The curve fitting algorithm starts from a starting (a,b) pair, puts this into a black box that computes the above square error, and tries to come up with a new (a',b') pair that produces a smaller error. My point is that the error above is really a black box for the fitting algorithm: the configurational space of the fitting is defined merely by the (a,b) parameters. If you imagine how you'd implement a simple curve fitting function, you could imagine that you try to do, say, a gradient descent, with the square error as cost function.

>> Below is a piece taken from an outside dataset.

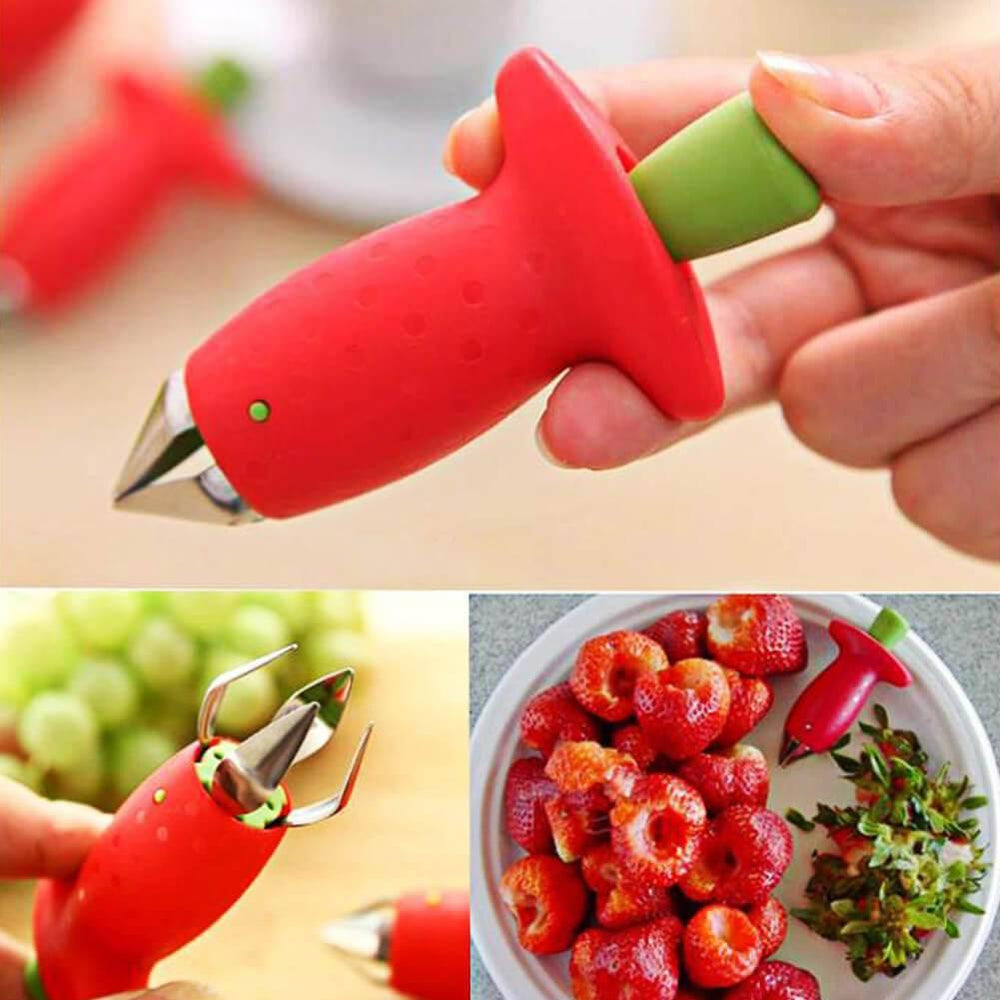 Creative Leaf Strawberry Fruit Huller Remover - EX-STOCK CANADA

Now, it should be irrelevant to the fitting procedure how the black box computes the error. It's easy to see that the dimensionality of x_i is really irrelevant for scalar functions, since it doesn't matter if you have 1000 1d query points to fit for, or a 10x10x10 grid in 3d space. What matters is that you have 1000 points x_i for which you need to compute f(x_i) ~ y_i from the model.
The only subtlety that should further be noted is that in case of a vector-valued function, the calculation of the error is not trivial. In my opinion, it's fine to define the error at each x_i point using the 2-norm of the vector-valued function. But hey: in this case, the square error at point x_i is
|f(x_i; a,b)-y_i|^2 == sum_k (f(x_i; a,b)[k]-y_i[k])^2
which implies that the square error for each component is accumulated. This just means that what you're doing right now is just right: by replicating your x_i points and taking into account each component of the function individually, your square error will contain exactly the 2-norm of the error at each point.
So my point is what you're doing is mathematically correct, and I don't expect any behaviour of the fitting procedure to depend on the way how multivariate/vector-valued functions are handled.